The Luxembourg Data Protection Authority (the “Commission Nationale pour la Protection des Données” or “CNPD”) has issued the largest GDPR financial penalty to date against Amazon.com Inc. Amazon disclosed the $888 Million fine in a July 29, 2021 regulatory filing. Prior to this ruling, the largest GDPR penalty was against Google in the amount of $57 Million.1
At the time of this writing, it’s not entirely clear what specific violations triggered the record-breaking penalty. As reported by hipaajournal.com: “CNPD has not publicly disclosed the exact nature of the alleged violations and issued a statement saying it is against Luxembourg law to comment on individual legal cases.”
We do know that the penalty arises from a 2018 complaint filed by privacy watchdog La Quadrature du Net on behalf of approximately 10,000 individuals. La Quadrature du Net stated in a public post that “the targeted ad system that Amazon forces onto us is not based on free consent, which is a violation of the GDPR.”
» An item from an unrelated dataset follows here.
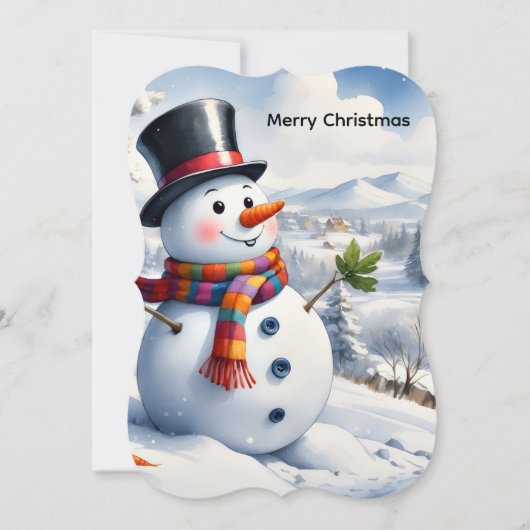 Merry Christmas Flat Greeting Card Snowman カード (正面)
Amazon has disputed the ruling and stated that CNPD’s decision is without merit. As reported by the Wall Street Journal, Amazon further stated “The decision relating to how we show customers relevant advertising relies on subjective and untested interpretations of European privacy law, and the proposed fine is entirely out of proportion with even that interpretation”.
The GDPR provides two tiers of financial penalties. The first tier, for less severe infringements, allows for penalties of up to €10 Million or 2% of an undertaking’s worldwide annual revenue. The second tier, for infringements of core privacy principles (such as the basic principles for data processing and obtaining individual consent) may result in penalties of up to €20 Million or 4% of an undertaking’s worldwide annual revenue.
Using these percentages against Amazon’s actual 2020 revenue, the maximum GDPR penalty could have exceeded $15 Billion.